[Saved data entries]

- - - - -

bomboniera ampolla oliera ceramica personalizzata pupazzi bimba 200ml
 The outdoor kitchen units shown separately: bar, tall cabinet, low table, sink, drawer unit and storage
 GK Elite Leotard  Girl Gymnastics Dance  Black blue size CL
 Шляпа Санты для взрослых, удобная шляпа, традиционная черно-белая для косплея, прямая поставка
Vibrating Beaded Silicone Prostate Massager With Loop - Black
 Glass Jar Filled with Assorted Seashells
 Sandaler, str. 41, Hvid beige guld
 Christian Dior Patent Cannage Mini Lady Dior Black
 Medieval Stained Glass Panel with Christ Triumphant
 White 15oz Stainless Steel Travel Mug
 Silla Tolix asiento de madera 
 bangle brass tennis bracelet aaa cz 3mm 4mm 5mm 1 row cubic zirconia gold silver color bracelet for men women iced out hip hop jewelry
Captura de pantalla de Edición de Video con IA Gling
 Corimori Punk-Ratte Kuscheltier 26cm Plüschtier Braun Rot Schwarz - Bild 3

- - - - -

Once you find the line with "The outdoor kitchen" in the entries above, output it and each line after it up to and including the line with "Sandaler, str. 41, Hvid beige guld", and nothing else.

 The outdoor kitchen units shown separately: bar, tall cabinet, low table, sink, drawer unit and storage
 GK Elite Leotard  Girl Gymnastics Dance  Black blue size CL
 Шляпа Санты для взрослых, удобная шляпа, традиционная черно-белая для косплея, прямая поставка
Vibrating Beaded Silicone Prostate Massager With Loop - Black
 Glass Jar Filled with Assorted Seashells
 Sandaler, str. 41, Hvid beige guld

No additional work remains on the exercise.